一般的にインターネットビジネスは参入障壁が低いため、先行者優位性とネットワーク外部性を築くことが非常に重要となる。どちらもスピードを求める要素であり、急速な成長を果たすためには事業が生み出す利益よりも遥かに多くの投資が必要となることが多くなる。そのため、ベンチャーキャピタルやエンジェル投資家等の外部資金を頼らざるをえない。お金に興味がない(ように見える)ザッカーバーグには「エグジット」という言葉は存在しないらしく、自らの経営権を手放すことなく資金を調達するために、フェイスブックの可能性に群がってくる手練手管の大人たちと精一杯の折衝を繰り返す。この辺りの駆け引きは非常にエキサイティングであり、本書のハイライトともいえる。例えば、ワシントンポストのドン・グレアムとの約束を反故にせざるを得ない状況に追い込まれて涙を流すザッカーバーグの姿には心を打たれる。デビット・フィンチャー監督の最新映画「ソーシャルネットワーク」で人の気持ちが分からないアスペルガー症候群のように描かれていた姿はそこにはない(映画自体はスピード感のある青春ムービーとして非常に良く仕上がっているが、あくまでもフィクションである)。ベンチャーの資本政策については、人気メルマガisologueでお馴染みの磯崎哲也氏による『起業のファイナンス』(拙ブログ)がおススメ。
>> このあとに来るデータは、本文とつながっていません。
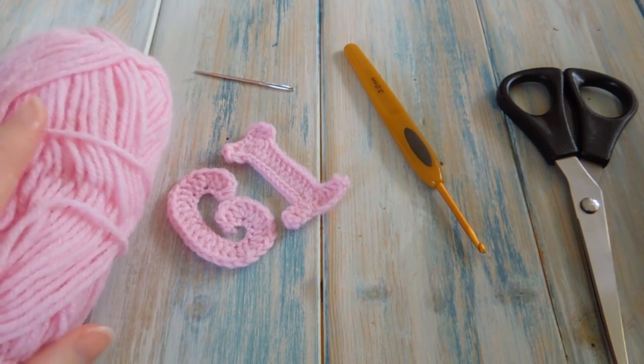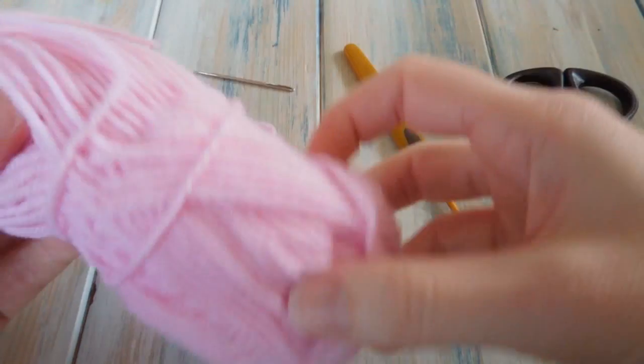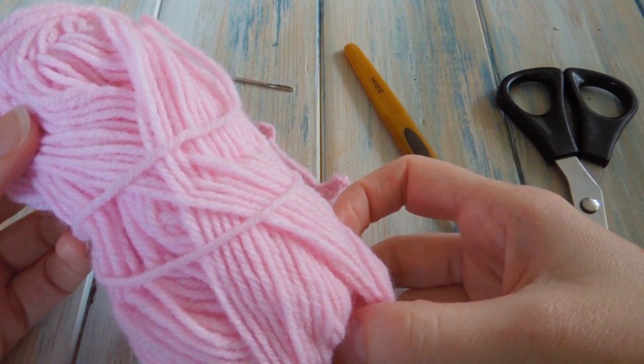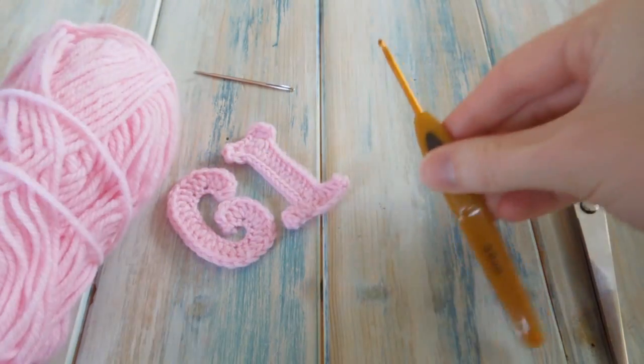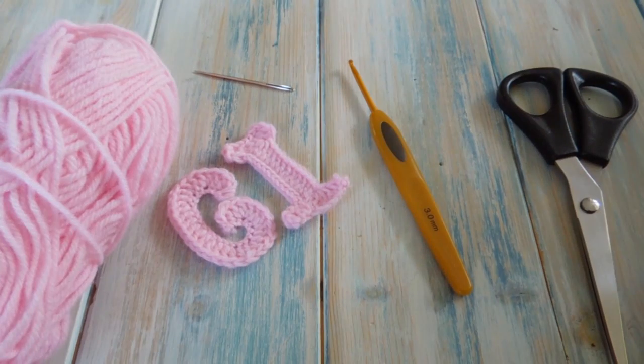To make these letters we're going to be using the same yarn and the same hook size we've been using for all our letters. That's a DK light worsted weight yarn, so a yarn weight of 3. We're going to be using a 3mm crochet hook. It's also a good idea to have a pair of scissors and a yarn needle for tying in those ends. Okay, so let's begin.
ザッカーバーグはどこまでも純粋に「フェアでオープンな世界」の可能性を信じており、自分にはその世界を実現する力があるということに疑いを持っていないように思える。やはり世界を変えるのは大人気ない大人なのだろう(大人と言ってもまだ26歳だが・・・)。「なぜ日本からはマイクロソフトもグーグルも生まれなかったのか?」という質問を聞くこともあるが、ヨーロッパからもそんな会社は生まれていない。アメリカという仕組みはダウンサイドもアップサイドもボラティリティが高いのだろう。

本書にはフェイスブックがどのような戦略で拡大を続けているか、どのようなサービスを仕掛けてきたかについての記述も詳細にあるので、すぐにビジネスに役立てたいという人にも多いに役立つだろう。しかし、何より本書は1人の若き天才が想像を絶する苦悩にもがきながらも、自らの理想を捨てることなく成長し続けるビルドゥングスロマンとして楽しめる。K-1を見た後にがむしゃらに腕立て伏せを開始してしまうように、俺もやってやるぞと思わせてくれる一冊。